Wednesday, December 23, 2020

ICE probe leads to indictment of LA Fashion District wholesaler and 2 associates in schemes to avoid tariffs, launder drug money and avoid taxes

A federal grand jury has returned a 35-count indictment alleging that a Fashion District outfit was at the center of two schemes, one that avoided the payment of more than $10 million in customs duties on imported clothing, and a second “Black Market Peso Exchange” scheme in which the company laundered narcotics proceeds and failed to report on tax returns over $17 million derived from cash transactions.

The first scheme outlined in the indictment allegedly involves the avoidance of customs duties and tariffs by purchasing garments from overseas manufacturers, including from China, but then submitting false information to U.S. Customs and Border Protection (CBP) that understated the true value of the items being imported in the U.S. As a result, the import duties owed on the shipments were lowered. The indictment alleges that the defendants sent 515 individual wire transfers totaling $137,156,726 to pay overseas suppliers for undervalued garments.
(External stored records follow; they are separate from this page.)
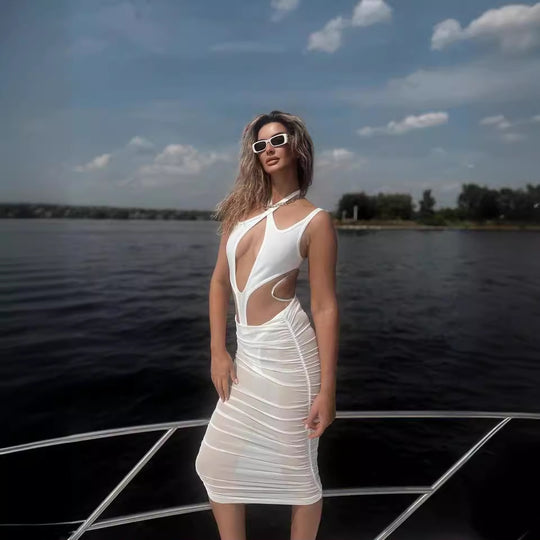 Damen figurbetontes Kleid mit innovativem Cut-Out-Design und transparenten Einsätzen EB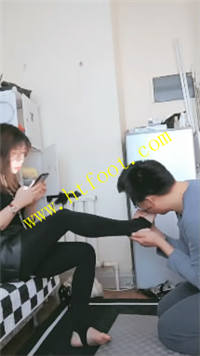 xhgnqgitwfs.jpg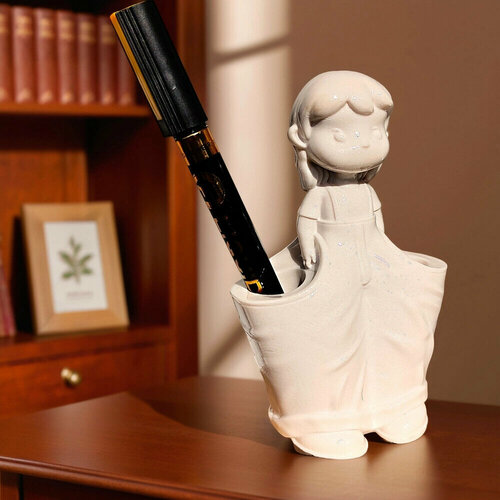 Декоративная подставка для карандашей, зубных щёток, цветов 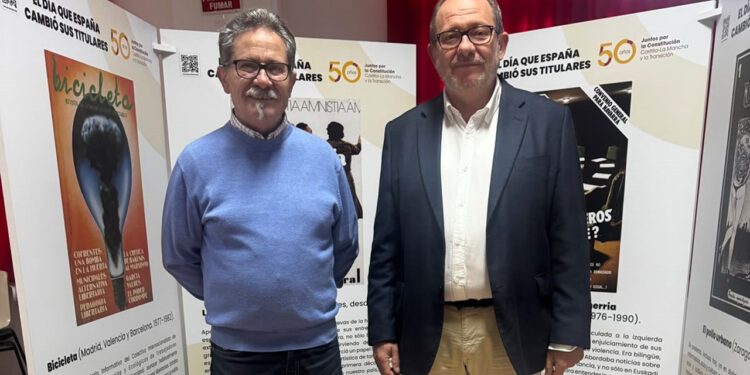La exposición ‘El día que España cambió sus titulares’ continúa en Cervera del Llano su recorrido por la provincia de Cuenca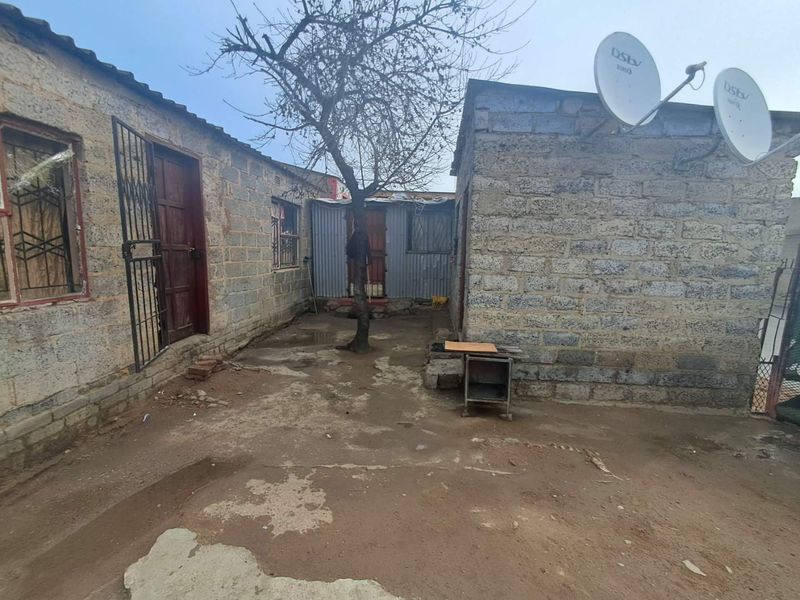 House In Ehlanzeni Tembisa - Photo 9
Overall, according to the indictment, CTJ imported goods that were undervalued by more than $62 million, causing approximately $10,269,068 in unpaid tariffs and duties that should have been paid to CBP. Some of this conduct occurred prior to authorities executing search warrants at CTJ and GLLR in 2014, but the indictment alleges that undervaluation resumed in 2018 and lasted until at least July 2020.

In the second scheme, the Rhews used CTJ “to receive large amounts of bulk United States currency, including from narcotics proceeds, as payment for outstanding merchandise orders from customers in Mexico and elsewhere,” according to the indictment. CTJ allegedly accepted large cash payments of up to $70,000 even after the law enforcement action targeted their businesses in 2014. The defendants failed to file currency transaction reports, which are required for any transaction involving more than $10,000 in cash, and they concealed the cash receipts from an accountant who prepared their taxes, which led the Rhews to fraudulently omit more than $17.6 million in gross sales from tax returns filed with the IRS, the indictment alleges.